Losing a parent means you’ve joined a club with people who understand that just walking out the front door with your shoes on and your hair washed can be a challenge. It means that grocery shopping and picking up brussels sprouts, and remembering how much your mom loved to eat them once she realized she could cook them in the oven rather than boiling them, and they actually tasted good, makes your eyes start to burn.
It’s wanting to go for a run to create endorphins to stop the screaming of, “Your mom died!” that keeps running in your head over and over, but you can’t because you also want to curl up in a ball and cry while watching “Gilmore Girls” on Netflix because it was “your thing” growing up with her.

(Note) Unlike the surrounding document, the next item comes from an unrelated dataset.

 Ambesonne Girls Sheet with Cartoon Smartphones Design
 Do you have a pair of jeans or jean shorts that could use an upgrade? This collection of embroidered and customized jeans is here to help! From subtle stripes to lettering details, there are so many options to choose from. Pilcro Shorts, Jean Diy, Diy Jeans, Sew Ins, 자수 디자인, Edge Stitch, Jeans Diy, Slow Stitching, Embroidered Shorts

There are a million things that change and take on new meanings and shapes. There are a million words that suddenly don’t seem so nice anymore. There are a million faces that don’t bring comfort like they used to.
I know time will help. This isn’t my first loss, but it is the hardest.
So here are a few things that happen when your mom dies, in case you wanted to know where my head has been lately, or if you’re trying to figure out why your friend who lost her own mom smells like a garbage can half the time, or cries at a simple Pampers commercial.
You cry a lot, and at random times. I can’t begin to tell you how many times I’ve seen a cute commercial and started sobbing hysterically. Maybe the character’s mom was cheering them on at a soccer game, or maybe she was just giving them a hug. Literally anything that shows another mom in it will have you crying.
Don’t even get me started on walking around in public and seeing another mom with their child. I’m planning a wedding right now and almost started weeping when I was at a wedding show and they asked for mother/daughter duos to come on stage and win a prize. Sure, it wasn’t meant to hurt me, but it burned.
You may get closer to your dad. This isn’t really a negative. When you lose your mom, you suddenly realize that you need your dad’s support and strength more than ever. While he’s grieving as well, there’s something special about sharing this together and being able to reminisce as a pair. You realize that you start telling your dad about your day in the same way you used to tell your mom, in hopes that maybe things will feel normal. It doesn’t, but it does help a little to know that someone still has your back, and you’re not going into every situation alone.
Life seems like you’re permanently wearing sunglasses, never the same brightness it was before. I don’t know how to explain this to someone who hasn’t lost a parent. Just trust me, nothing will have the same brightness after you lose your mom. Those cute shoes at the store you were eyeing suddenly just seem like a stupid idea. That new casserole you wanted to make? Its ingredients are still at the back of the pantry collecting dust. You’ll get back in the routine someday, but it won’t be today.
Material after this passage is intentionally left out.